By Mikayla Carter
The School Board’s solution to the increase in the number of ambitious students signing up for numerous AP classes is not to “offer more sections” of that course, but rather to crowd students into a single classroom.
As a student at Benicia High School who takes advantage of the educational opportunities provided, it is extremely disappointing to see the lack of cooperation between School Board and the parents, students, and staff. This includes in related topics of appropriate teacher compensation and safety at our schools not being addressed. In doing further investigation, I am confused on how the decision to cut course sections at Benicia High is in any way beneficial to the students. According to Center For Public Education, “as class size decreases achievement increases, and benefits begin to emerge as class size falls below 20 students.” Project STAR (also known as the Tennessee Study of Class Size) took over 11,000 students and placed them in classes of three sizes, 13-17, 22-25, and 25+. The results showed that students in the smallest class had an average of 8% higher in reading and 9% in mathematics, and the students of the smaller class size were more likely to succeed in college entrance exams. The research proved that classroom settings with 13-24 students are most favorable and create the best environment for learning, compared to those of students in classes above 25 without a teacher assistant.
Is the success of students not the Board’s number one priority?
AP American Studies is just one of the many classes negatively affected. 75+ students signed up for this class and only 2 sections are offered at the high school with over 30 students per class. This is beyond ridiculous.

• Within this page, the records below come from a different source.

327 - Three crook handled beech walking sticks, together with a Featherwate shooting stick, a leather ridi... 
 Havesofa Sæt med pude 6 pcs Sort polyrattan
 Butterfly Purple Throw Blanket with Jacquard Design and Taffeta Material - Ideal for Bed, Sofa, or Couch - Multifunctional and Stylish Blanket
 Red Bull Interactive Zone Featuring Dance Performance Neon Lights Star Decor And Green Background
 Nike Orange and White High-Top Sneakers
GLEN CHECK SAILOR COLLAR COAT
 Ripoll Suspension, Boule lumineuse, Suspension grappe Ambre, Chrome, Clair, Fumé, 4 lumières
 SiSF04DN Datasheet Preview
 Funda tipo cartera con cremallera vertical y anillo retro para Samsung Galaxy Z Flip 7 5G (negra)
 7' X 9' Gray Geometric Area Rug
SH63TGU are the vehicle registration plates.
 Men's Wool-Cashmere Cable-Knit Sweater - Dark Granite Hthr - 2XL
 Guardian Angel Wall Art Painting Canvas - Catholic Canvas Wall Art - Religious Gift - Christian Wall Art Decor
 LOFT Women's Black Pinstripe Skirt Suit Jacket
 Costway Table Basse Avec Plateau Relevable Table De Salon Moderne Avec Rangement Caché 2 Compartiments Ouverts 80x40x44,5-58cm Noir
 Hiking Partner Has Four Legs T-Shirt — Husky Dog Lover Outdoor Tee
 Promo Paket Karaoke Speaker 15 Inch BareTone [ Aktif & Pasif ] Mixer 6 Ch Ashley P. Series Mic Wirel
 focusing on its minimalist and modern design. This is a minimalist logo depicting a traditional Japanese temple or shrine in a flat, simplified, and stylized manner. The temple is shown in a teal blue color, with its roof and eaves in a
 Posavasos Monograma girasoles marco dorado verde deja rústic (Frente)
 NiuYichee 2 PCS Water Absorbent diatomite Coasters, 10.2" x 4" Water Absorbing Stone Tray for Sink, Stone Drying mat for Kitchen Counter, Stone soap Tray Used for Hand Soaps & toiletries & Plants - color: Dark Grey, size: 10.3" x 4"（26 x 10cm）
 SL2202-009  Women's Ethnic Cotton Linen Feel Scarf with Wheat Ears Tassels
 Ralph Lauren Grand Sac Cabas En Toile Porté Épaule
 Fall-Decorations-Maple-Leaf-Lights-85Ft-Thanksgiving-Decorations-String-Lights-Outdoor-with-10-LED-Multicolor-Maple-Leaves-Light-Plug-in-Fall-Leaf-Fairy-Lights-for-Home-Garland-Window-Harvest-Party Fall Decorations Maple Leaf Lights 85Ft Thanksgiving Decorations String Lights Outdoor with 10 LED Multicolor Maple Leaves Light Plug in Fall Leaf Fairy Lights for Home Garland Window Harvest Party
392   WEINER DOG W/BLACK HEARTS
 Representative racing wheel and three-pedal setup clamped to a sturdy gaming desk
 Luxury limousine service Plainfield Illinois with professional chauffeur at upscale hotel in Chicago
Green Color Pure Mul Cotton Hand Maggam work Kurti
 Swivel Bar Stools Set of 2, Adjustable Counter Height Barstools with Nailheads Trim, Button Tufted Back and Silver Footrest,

I along with other students, parents, and staff am unsatisfied with the way school issues, that directly affect our ability to thrive, are addressed.
The BUSD school board has repeatedly let the community down, from denying appropriate teacher compensations, and dismissing safety concerns parents have for our schools. I would like to remind the Board how easy it is to fall to the lower levels of neighboring high schools and I fear if we continue on the current path we could end up there. There is not adequate resources provided and utilized to combat our dissatisfaction.
What must we do to see something different?
The School Board cannot keep avoiding direct questions with clichés. They need to stop putting the communities concerns aside and instead take it as an opportunity to involve us, taking into account what we want and need to give us an optimal setting for prosperity. We need more sections of high-demand AP classes to be offered.
If they cannot meet the academic needs of the students, they should at the very least explain why and encourage our creative community to come to a solution together. We want our needs to be taken into careful consideration and to feel and be heard. As an active, caring, and involved alliance of parents, students, and staff, we invite the School Board to join us.